Friday, August 15, 2008

Crap.

At least someone remembers.

xD..

Went for tuition today. On my way out, he came. And left a big gift. and i mean it when i say BIG. After tuition, mom was giving me that cheeky smiley face which i find it somehow annoying but yet funny.

Its a BIG SIZE WINNIE THE POOH! xD.. Its so big and heavy that i have to ask mom to help me unwrap the gift. THANK YOU SO MUCH. =)..

Its just too cute! x3.. Makes me happy cause at least there is someone who remembers. Im a lucky ass cause 2 people remember. *applause!* xD..

During dinner, i was attached to the tv at the restaurant coz badminton is ON! Malaysia VS Korea, baby! When Korea leads, i think my heart skips a beat. x3.. BUT FINALLY Malaysia WON!! Yay Lee Chong Wei! Once he won, the whole restaurant went wild and start clapping and shouting. Well yeah, we should. Cause he is like, our last hope? xD..

After dinner - its time for Heart Of Greed! xD.. Heyy, today double episode leh! Must see luhh. God i cried like a baby. Seriously, this is the 1st show ever that make me cry for so darn long. Its soo.. REAL AND TOUCHING. Cant wait for next week! =D..

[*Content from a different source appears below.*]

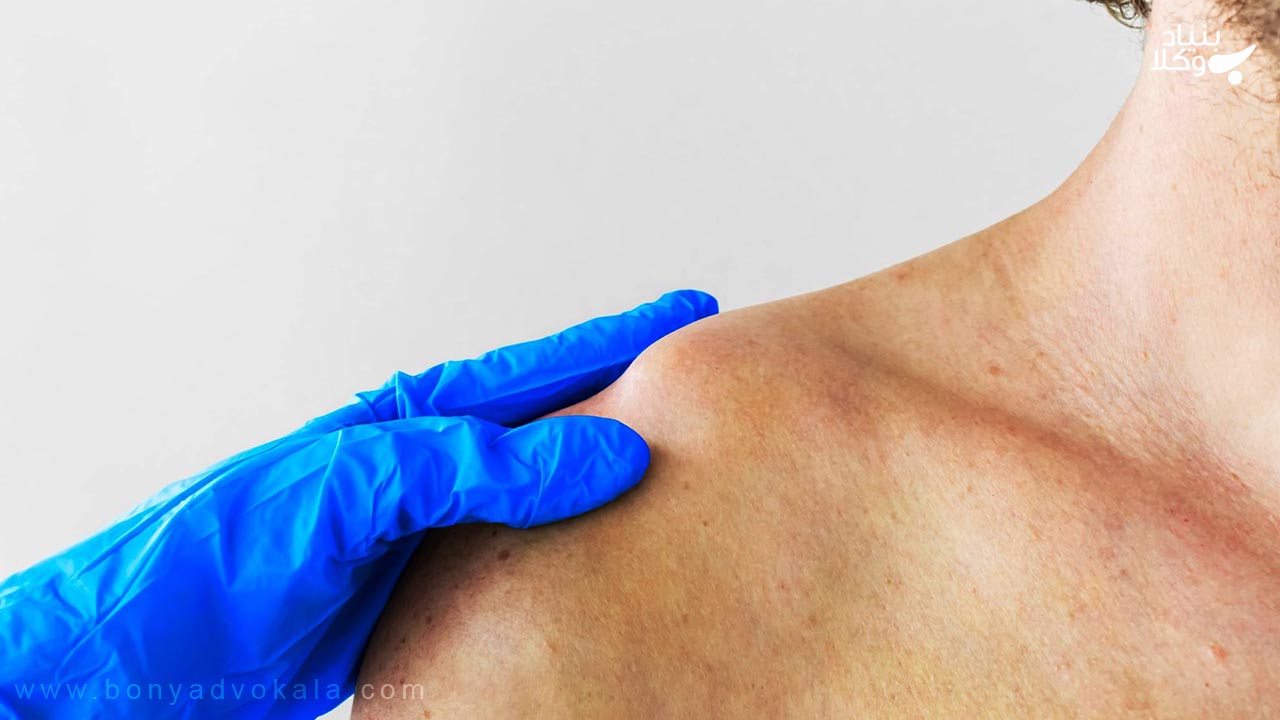 دیه قطع کردن استخوان ترقوه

My eyes are puffy, due to the crying from the drama show.. Tomorrows dancing.. How?.. T___T.. Gonna dance and look like a panda bear! x3..

As most of you guys know, the PMR trial finally ended. I dont see it as a chance to relax down or chill. I found myself in a position to start struggle and juggle everything into my brain. I can assure myself, that this trial will bring more will-power to myself. Thru this trial, i found out that im actually NOT prepare for the upcoming PMR. Which is why this may be the real alarm clock in my mind to wake me up in such situation. Therefore, lets all work smart.

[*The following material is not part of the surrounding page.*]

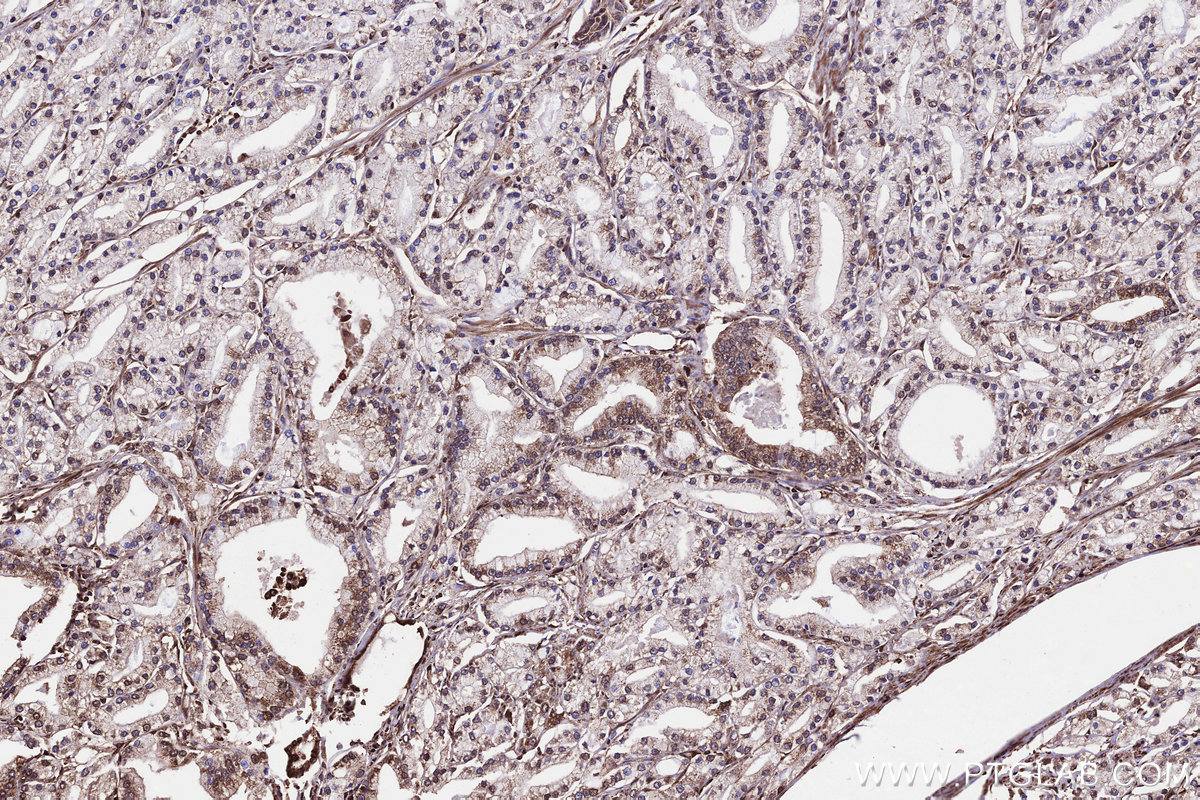 IHC staining of human prostate cancer using 29230-1-AP (same clone as 29230-1-PBS)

Well. I never say that we shouldnt have fun for once in awhile. Without fun, im probably dead by now. There are times where i want to celebrate that ive gone through the trials. But at the end. Personal reasons dont let me celebrate. Besides. I dont find anything worth celebrating anymore.

Miracle. I guess everyone is familiar with this word. It might be special to someone out there, but it might be a lame thing to someone else. I, myself to say. There is miracle IF you believe in it. In this world, everything is fair. Yes, in life we did faced some of the most unfair and pissed things in the world you think you might find. But. If we think even more further, to me, life IS fair. Its related to the things you do in life. I, for one, do believe that ive done many wrong things. My friend once said to me. I will remember it. I WILL.

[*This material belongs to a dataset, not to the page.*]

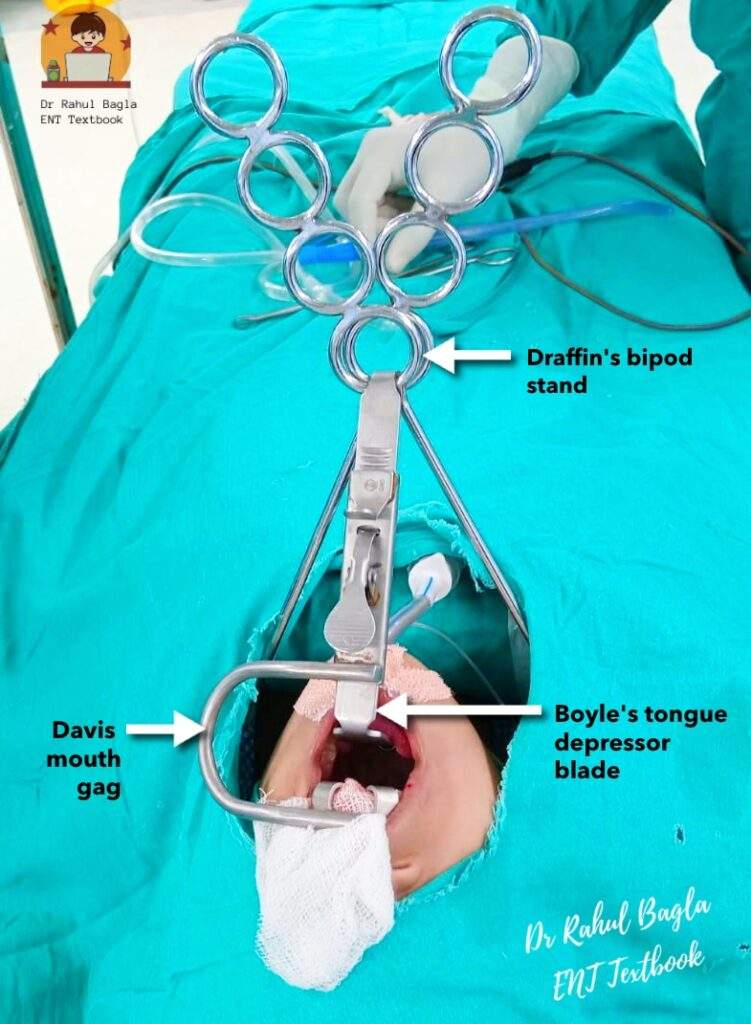 Adenotonsillectomy Dr Rahul Bagla ENT Textbook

"Once its done, let it be. Just believe in something, if God saw your determination of wanting it to happen. He might help you."

There are things in life that we seriously dont expect. I met a few, and it tear me apart. But at the end, i try to struggle back. And yet i do. If i want to change a situation, from bad to good, i would just do something natural and dont over do it.

I too, found that life is like waves. It can be low, it can be high in a matter of seconds. Now i found myself hanging around the high wave. Its dangerous and full of anger and the cold water brings me nothing but chills.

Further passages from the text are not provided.